Wetherspoon founder Tim Martin ‘worried’ by Jeremy Corbyn’s business stance

Wetherspoon founder Tim Martin said he is “worried” about Jeremy Corbyn’s approach to business at the pub group’s annual general meeting (AGM) in central London.

The colourful company chairman also said he is “all for” a slump in consumer confidence, despite economic uncertainty weighing on customer spending over the past year.

Mr Martin said he is worried that the Labour Party leader “doesn’t have enough belief in the power of the free market”, as well as criticising the possibility of a second Brexit referendum under the opposition leader.

He added: “A leaflet was sent to every household in the country to say that this is a once-in-a-generation decision, saying the Government will implement what you decide.

“I don’t think you can go back now and say that this will be the first-ever UK representative referendum that hasn’t been honoured.”

Economists have said that concerns over Brexit have weighed on consumer spending over the past year, but the businessman said a “lack of consumer confidence is a good thing”.

Mr Martin said: “I think the country and consumers are pretty resilient and I think sometimes people are too concerned about consumer confidence.

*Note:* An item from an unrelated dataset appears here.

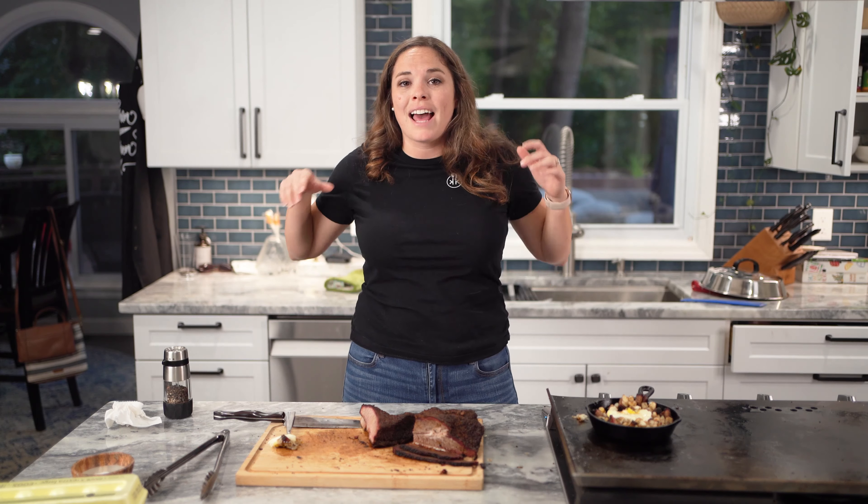Thank you so much for sticking around. That was the top three leftover brisket recipes that I know of. They are so, so delicious, so I hope you give them a try. Let me know in the comments what you've tried.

“Only about two years ago, the main worry was that consumers were over-confident and they were spending too much on their credit cards. That thankfully is gone, so I’m all for consumers lacking a bit of confidence.”

At the AGM, shareholders voted in support of all of the firm’s resolutions, backing the publication of the company’s annual report.

Prior to the meeting, shareholder advisory groups had called on investors to vote against the pub firm’s annual report at the AGM because of its spending on pro-Brexit materials.

Pensions & Investment Research Consultants (PIRC) said shareholders should oppose the report after questions were raised over its spending of almost £95,000 on pro-Brexit beer mats before the 2016 referendum.

Legal experts claimed the chain appeared to have broken company law by buying and distributing the 1.9 million beermats backing exit from the EU.

Last week, Mr Martin criticised the advisory group and dismissed UK corporate governance laws as “up the spout”.

He also hit out at one of the company’s biggest shareholders for voting against two board members at the pub chain’s annual general meeting last year.

On trading, Wetherspoon revealed sales were up 5.3% in the 13 weeks to October 27 on a like-for-like basis, with one pub opened and four shut.